EL USO DE NUESTROS DOS APELLIDOS.-
Todos los que nos dedicamos a la genealogía nos hemos enfrentado en más de una ocasión al tratamiento y uso de los apellidos. Si alguien cree que nuestro actual sistema de apellidos es el que normalmente ha existido en siglos pasados, puede caer en el anacronismo. Hay que olvidar para siglos en los que normalmente los genealogistas nos movemos, S. XVI en adelante, que una persona no tenía por qué apellidarse con el primero del padre, y el segundo de la madre. Eso ocurre desde el siglo XIX en adelante, y quizás también en el XVIII, pero antes fue muy diferente.
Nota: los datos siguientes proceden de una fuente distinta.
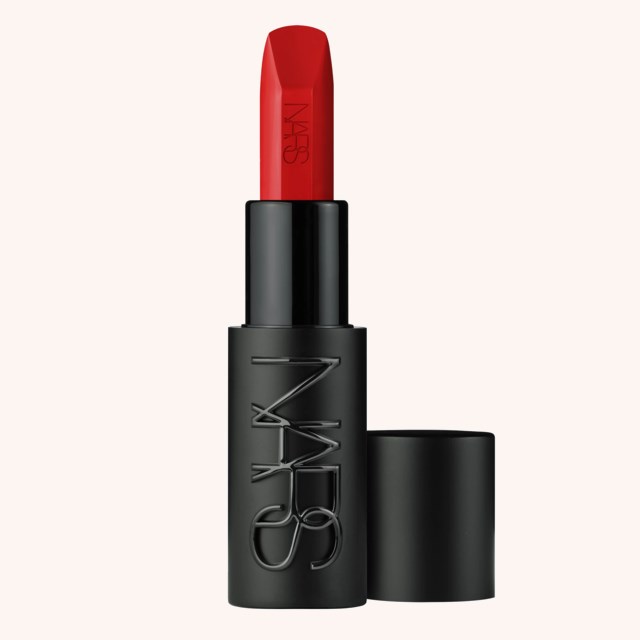 Explicit Lipstick 863 Unauthorized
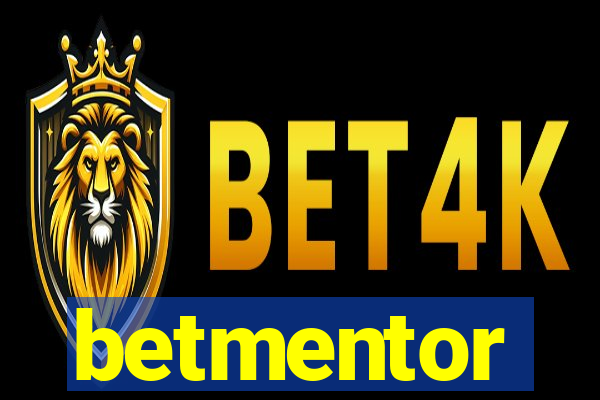 betmentor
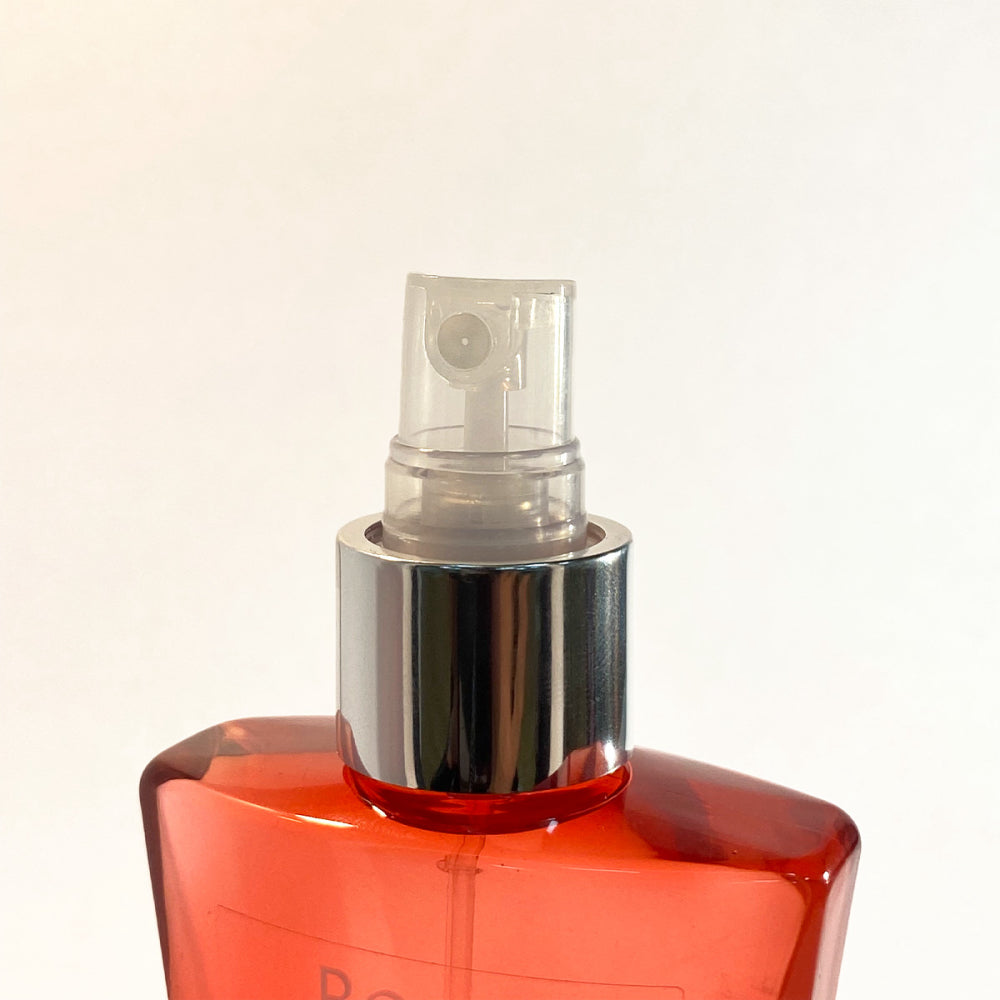 Body Fantasies Body Mist Strawberry 236 ml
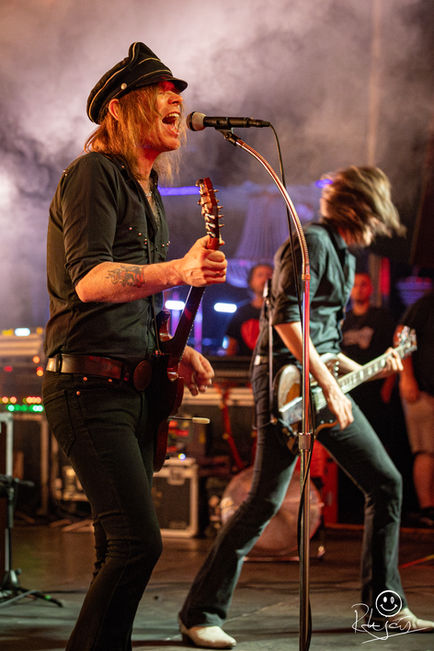 CD8I0366-NR mejorado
En primer lugar habría que insistir en el hecho que las personas utilizaban los apellidos como nosotros ahora utilizamos los nombres de pila, es decir, un niño o una niña al nacer se le ponía los apellidos con toda libertad, no tenían por qué ponerle, obligatoriamente el de los padres, bien es cierto que existía una cierta tradición en la familia de poner unos apellidos que formaban parte del patrimonio onomástico de esa familia, es decir que ya lo utilizaron sus padres, abuelos, tíos, etc. tanto por línea paterna como materna. La familia utilizará, por tanto, para bautizar a los suyos,
únicamente, salvo rarísimas excepciones, los nombres de este acervo
onomástico familiar, imponiendo a sus hijos no solamente el nombre
de sus antepasados sino también el patronímico que aquellos usaron.
El hombre del Siglo de Oro, sobre todo los hidalgos con pretensiones de herencia, escogerá a su gusto los apellidos que mejor le aseguren la apropiación de tales bienes, y no tendrá ningún reparo al ponerse el primer apellido de su bisabuela materna, y el segundo de su abuelo paterno, por poner un ejemplo. Instituciones medievales como los mayorazgos imponen el uso de determinados apellidos para mantener unido el patrimonio, normalmente en el varón de mayor edad.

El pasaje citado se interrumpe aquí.